Data segment:
☆ ☆ ☆ ☆ ☆ ☆ ☆
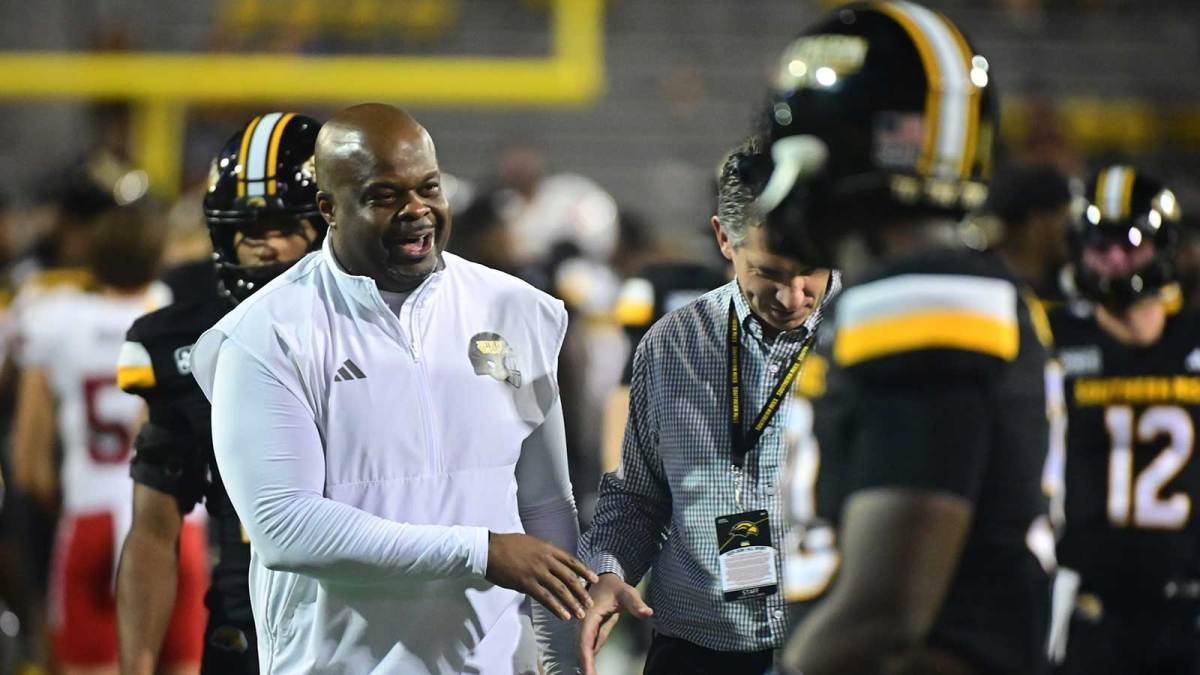 Southern Miss Golden Eagles head coach Charles Huff reacts with players and staff after the game against the Jacksonville State Gamecocks.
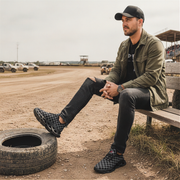 Man sitting on a tire next to a dirt track wearing a green jacket and grey checkered shoes and black cap.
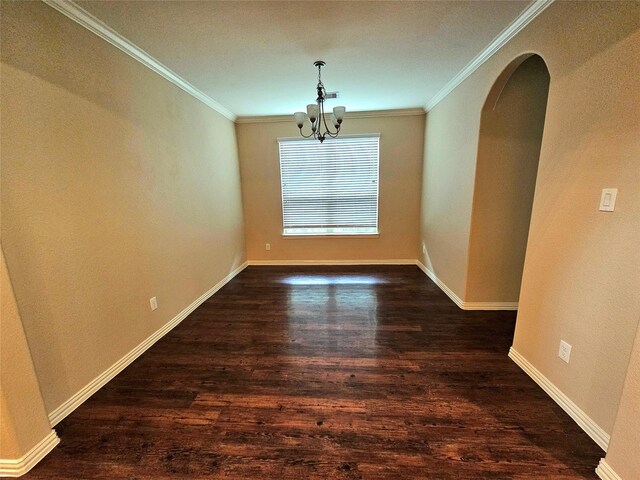 23122 Biddle Dr, Porter, TX 77365 - empty room with a chandelier, ornamental molding, dark wood-type flooring, arched walkways, and baseboards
☆ ☆ ☆ ☆ ☆ ☆ ☆
Required action: Restate the material word for word; no picture should appear in the copy.

Response area:
 Southern Miss Golden Eagles head coach Charles Huff reacts with players and staff after the game against the Jacksonville State Gamecocks.
 Man sitting on a tire next to a dirt track wearing a green jacket and grey checkered shoes and black cap.
 23122 Biddle Dr, Porter, TX 77365 - empty room with a chandelier, ornamental molding, dark wood-type flooring, arched walkways, and baseboards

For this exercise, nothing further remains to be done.